If we add fake timestamps to entries in the guestbookresponse table that have no timestamps, then when all of the counts are displayed by month, in addition to each month there would a group with that fake timestamp that we could describe as @landreev suggested.
Or if we leave them null, we could remove the clause guestbookresponse.responsetime is not null from the query that the API uses. And when all of the counts are displayed by month, there would be a null group that we could describe as @landreev suggested.
(When the total counts are displayed, I would think we don't have to explain that the dates of some counts are unknown.)

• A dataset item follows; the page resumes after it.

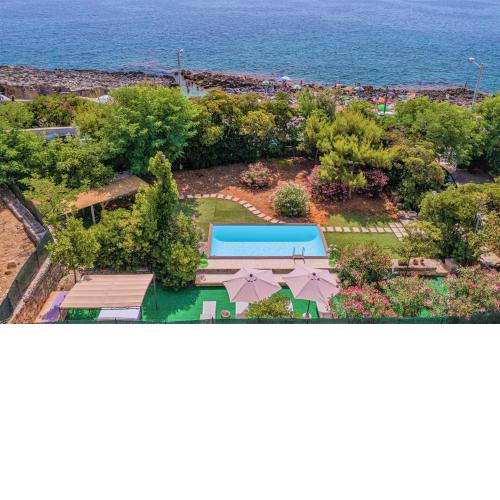 Villa Lina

Here's the query I've used to find file downloads (and any other downloadtypes e.g. "explores") that are counted two or more times within the same second:
select email, name, authenticateduser_id, responsetime, sessionid, datafile_id, downloadtype, guestbook_id
from guestbookresponse g1
where authenticateduser_id is not null --assuming we would look for only "downloads" from logged in users
and exists (
select 1
from guestbookresponse g2
where
--find "downloads" that occurred at the same time
g2.responsetime = g1.responsetime
--OR find "downloads" within one second
--g2.responsetime > g1.responsetime - interval '1 sec'
--and g2.responsetime < g1.responsetime + interval '1 sec'
--from the same logged in user
and g2.authenticateduser_id = g1.authenticateduser_id
--for the same file
and g2.datafile_id = g1.datafile_id
--where the guestbookresponse entries aren't the same
and g2.id <> g1.id
)
--to show the results are what we want
order by sessionid, datafile_id, responsetime;
Two other issues that may be at play:
Looking at the initial issues in this story, it seems that QDR's counts match now. The only other issue I was able to identify is that we are not counting undated historic download counts in the per month query. This fix will count those undated results if the month queried is on/after the oldest dated record.
Alongside this, all the metrics table entries for downloads should be cleared so they are requeried with the updated values.
@matthew-a-dunlap assigning to you and pulling back to team dev based on our discussion
Numbers match on copy of prod db. Closing but will merge when custom home page passes.